No caso de Dilma ainda vai. A presidente deposta tem um talento raro na arte de se tornar malquista — e isso ajuda muito, claro, no culto geral ao mau humor que existe em relação a ela e seu falecido governo. Mas Michel Temer? Nunca houve a menor necessidade de ficar com raiva de Michel Temer. Em mais de quarenta anos de política o novo presidente nada fez para merecer paixões — e muito menos ódio. Ao contrário, é o tipo clássico do perfeito “gente fina”. Um país que consegue ficar com ódio de Michel Temer realmente decidiu viver de péssimo humor. Pior: um país que se queixa porque uma figura como a ex-presidente foi embora parece ter tomado a opção de não rir nunca mais na vida — sim, pois, se até isso é motivo para choradeira, onde alguém conseguirá encontrar algum motivo para achar graça em alguma coisa? É uma grande pena que o mundo esteja assim, porque senso de humor faz falta. E faz falta porque não é, no fundo, uma questão de rir das coisas. É uma questão de entender como elas são. Na vida prática, o senso de humor acaba funcionando como a manifestação mais básica do bom-senso; aliás, trata-se possivelmente da mesma coisa. Como seria viável, sem a ajuda do riso, achar que algo faz sentido no nosso dia a dia? Viveríamos num mundo perfeitamente insuportável.

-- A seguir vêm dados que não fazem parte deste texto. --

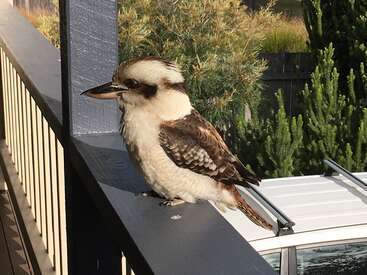 The image depicts a kookaburra perched on a balcony railing, facing left, with a serene background featuring trees and a white car roof.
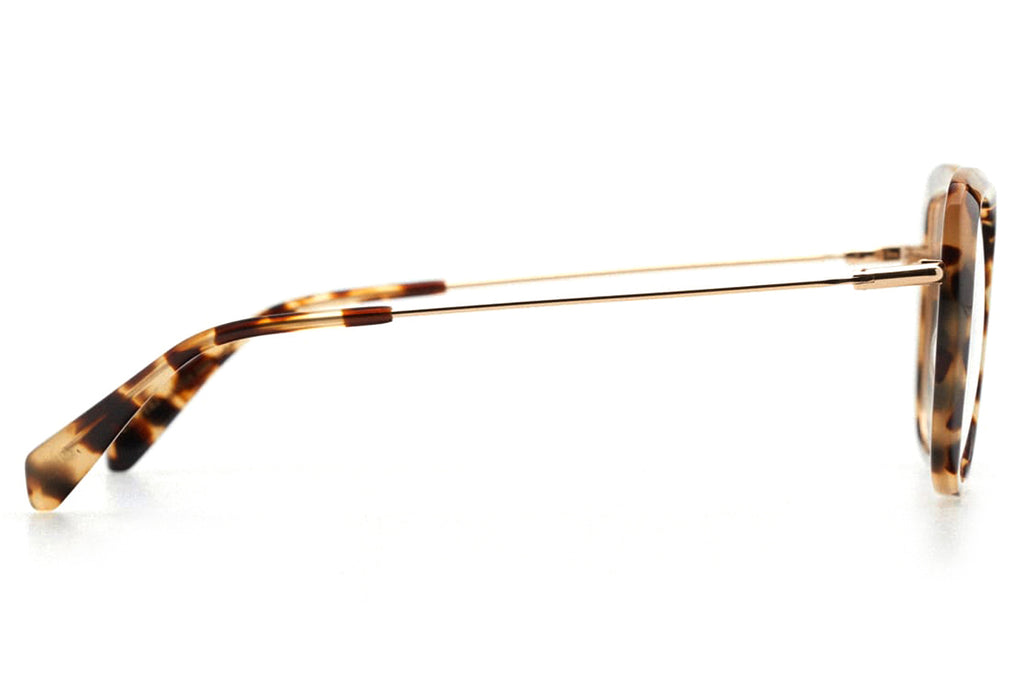 Kaleos Eyehunters - Carlini Eyeglasses Brown Tortoise/Gold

Parece que o Brasil criado nesses treze anos de corrupção — e no trauma que tem sido o combate legal para tirar a chave do cofre da turma que controlava o governo da República — resolveu ignorar o bom-senso na discussão pública. É virtualmente impossível, por exemplo, ler do começo ao fim um jornal, uma revista ou uma página de noticiário eletrônico e ter vontade de dar um único e apagado sorriso ao longo de toda a leitura; é tudo desespero, choro e ranger de dentes. O mesmo se pode dizer dos telejornais ou dos programas informativos do rádio. Não se encontra um mínimo de humor nem mesmo entre os humoristas — que, no entanto, teriam a obrigação profissional de tentar fazer as pessoas rir um pouco. A maioria dos comunicadores dá uma importância ilimitada às próprias virtudes. Eles usam a soberba para compensar-se pelo muito que imaginam ser e não são; esquecem o senso de humor que deveria compensá-los pelo que são na realidade. Tudo é gravíssimo, mesmo fora da vida pública. O porre espetacular de um nadador americano na Olim­píada do Rio de Janeiro, com certeza uma das melhores histórias de bêbado dos últimos tempos, nunca chegou a ser piada; foi, do primeiro ao último minuto, um insulto mortal ao Brasil. Parece, em suma, que há brasileiros demais ativamente empenhados em ser infelizes. Dedicam tanto tempo e energia a essa tarefa que ficam sem tempo e energia para aproveitar um pouco melhor a vida.

Os leitores do romance O Nome da Rosa se lembram do tenebroso Frei Jorge e do pensamento que serve de alicerce para a sua vida — e, muito pior ainda, que ele quer impor à vida dos outros. O mais maligno de todos os pecados é o riso, acredita esse grande caçador de pecadores. Muda a face das pessoas, afasta a sua mente da virtude e as aproxima do macaco. Ele se esquece, como observa Frei William, que na verdade o homem é o único ser vivo capaz de rir. O Brasil de hoje tem Frei Jorge demais circulando por aí.